Pictures aside, repeat the whole listing word for word.

## [DATASET CONTENT]
————
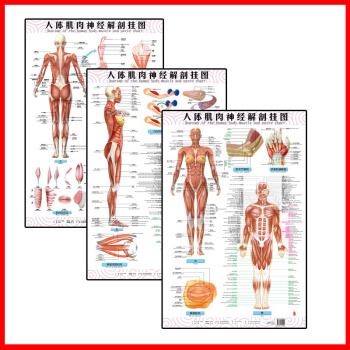 人體肌肉神經解剖掛圖 3張/套 中英文對照版 西醫掛圖 人體經絡穴位大掛圖 醫學保健衛生 pdf epub mobi 下载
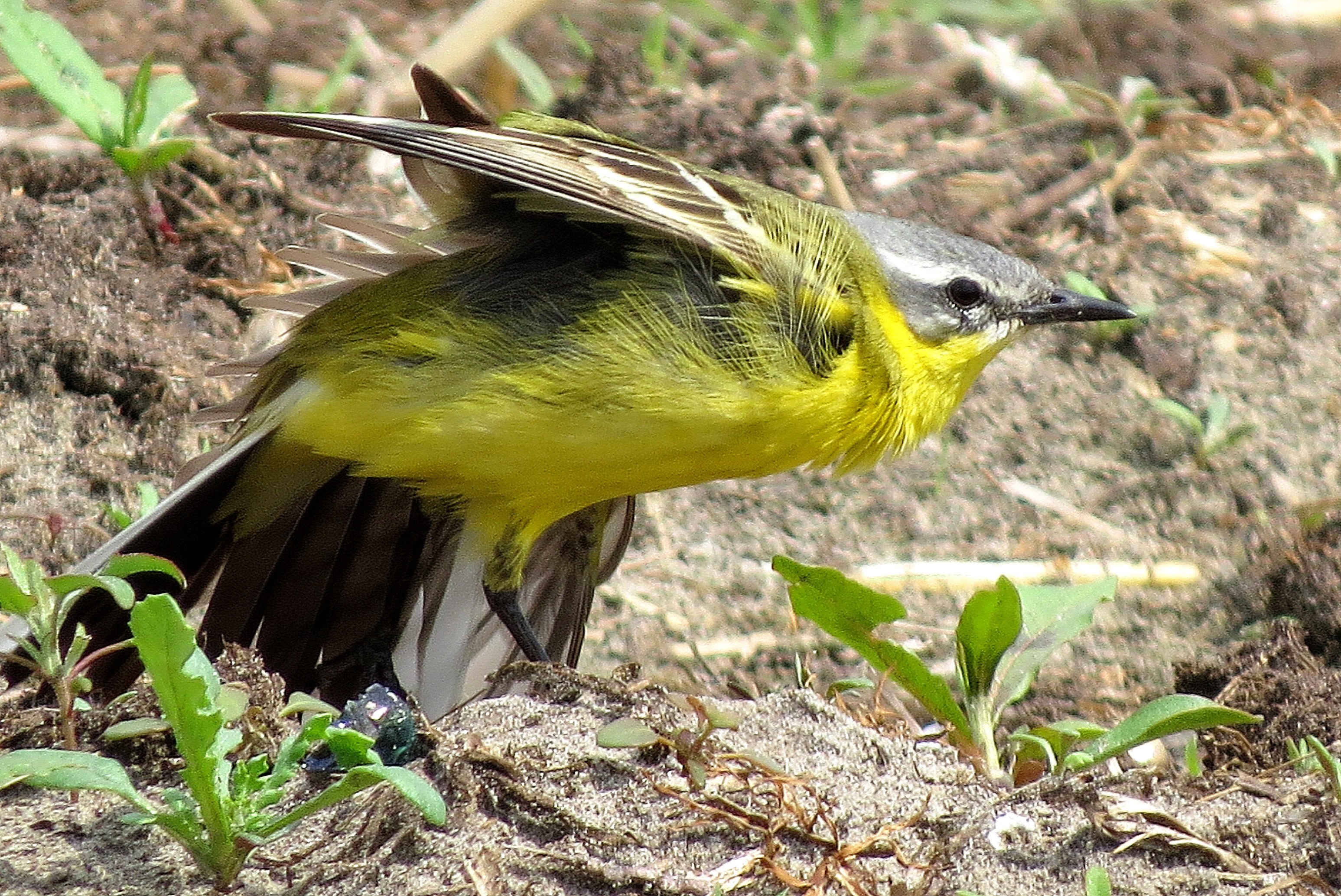 Rek en strekoefeningen
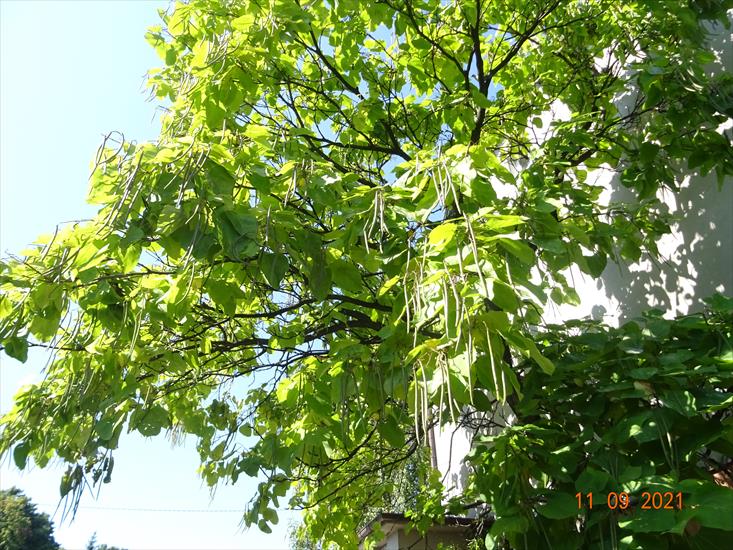 Drzewo Surmia we Wrzesniu - DSC06966.JPG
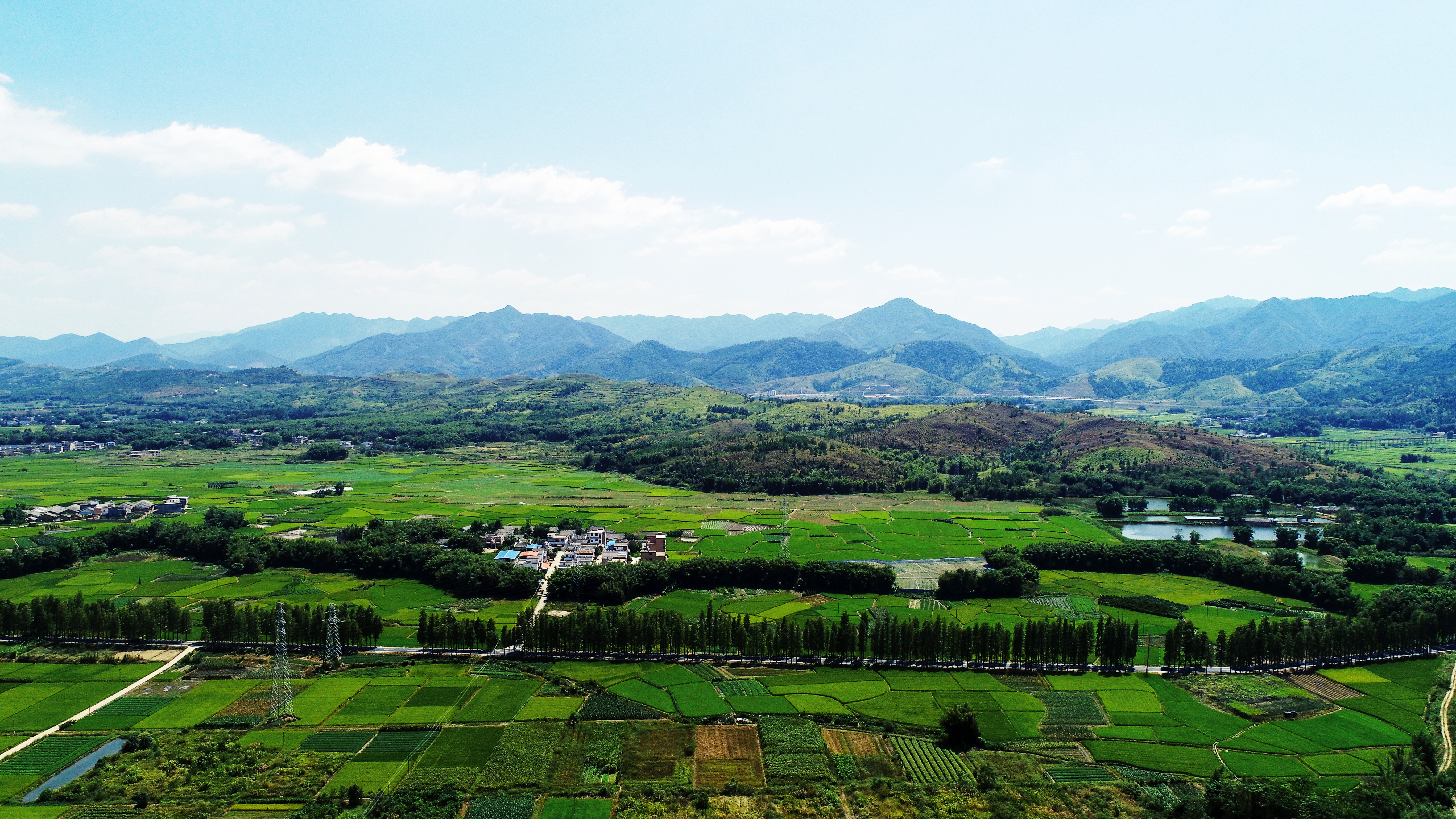 落羽杉路.jpg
————
## [RESULT FOR THIS EXERCISE]
 人體肌肉神經解剖掛圖 3張/套 中英文對照版 西醫掛圖 人體經絡穴位大掛圖 醫學保健衛生 pdf epub mobi 下载
 Rek en strekoefeningen
 Drzewo Surmia we Wrzesniu - DSC06966.JPG
 落羽杉路.jpg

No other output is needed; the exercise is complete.